- RECORDS SHOWN:
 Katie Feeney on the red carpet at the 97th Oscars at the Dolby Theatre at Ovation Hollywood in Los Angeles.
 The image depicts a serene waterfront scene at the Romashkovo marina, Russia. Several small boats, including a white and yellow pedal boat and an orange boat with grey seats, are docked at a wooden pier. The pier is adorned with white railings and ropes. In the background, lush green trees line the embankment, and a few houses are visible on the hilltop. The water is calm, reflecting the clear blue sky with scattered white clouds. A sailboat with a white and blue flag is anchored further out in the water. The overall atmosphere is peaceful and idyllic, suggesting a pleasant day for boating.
---
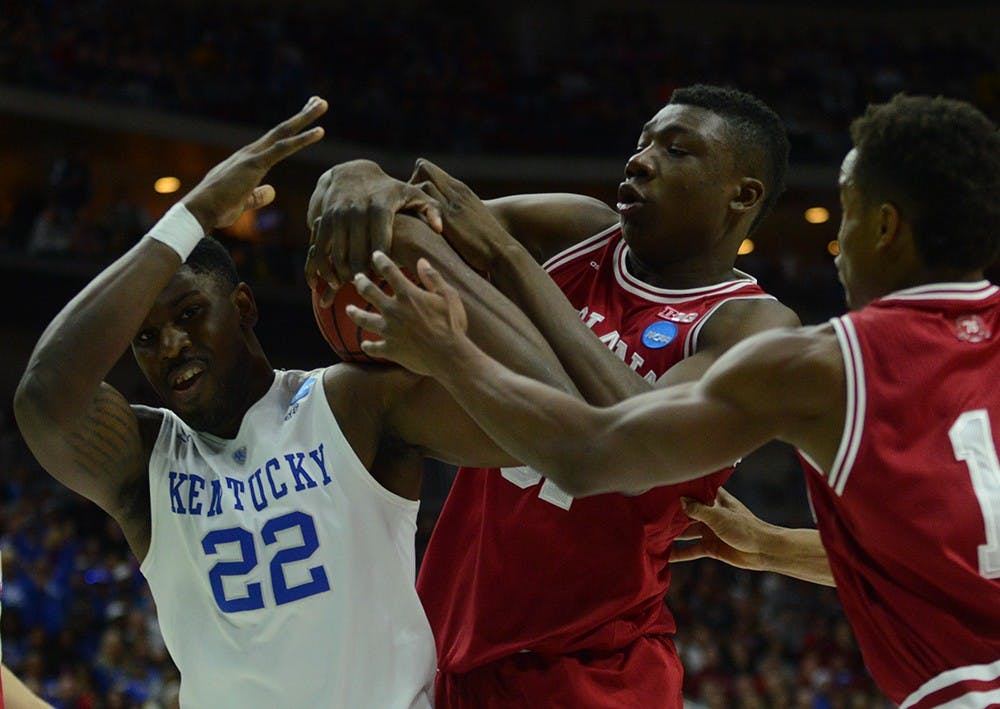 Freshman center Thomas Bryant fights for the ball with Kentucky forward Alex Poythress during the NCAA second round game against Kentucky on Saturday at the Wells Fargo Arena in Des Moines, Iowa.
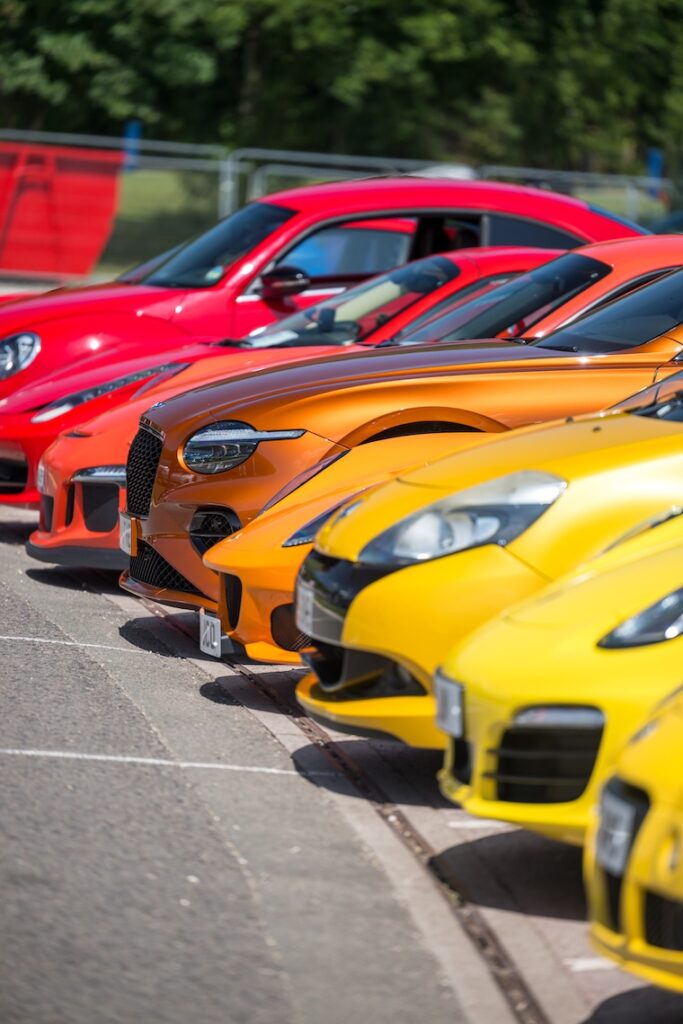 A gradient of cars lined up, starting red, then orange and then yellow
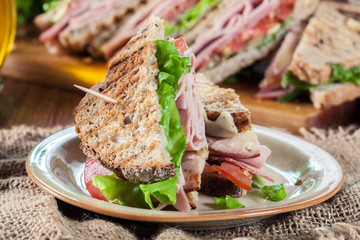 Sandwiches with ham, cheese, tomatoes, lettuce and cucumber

- EXERCISE DESCRIPTION:
Using the records above, restate word for word the lines from the one with "Katie Feeney on" through the one with "The image depicts", both included.

- ANSWER BOX:
 Katie Feeney on the red carpet at the 97th Oscars at the Dolby Theatre at Ovation Hollywood in Los Angeles.
 The image depicts a serene waterfront scene at the Romashkovo marina, Russia. Several small boats, including a white and yellow pedal boat and an orange boat with grey seats, are docked at a wooden pier. The pier is adorned with white railings and ropes. In the background, lush green trees line the embankment, and a few houses are visible on the hilltop. The water is calm, reflecting the clear blue sky with scattered white clouds. A sailboat with a white and blue flag is anchored further out in the water. The overall atmosphere is peaceful and idyllic, suggesting a pleasant day for boating.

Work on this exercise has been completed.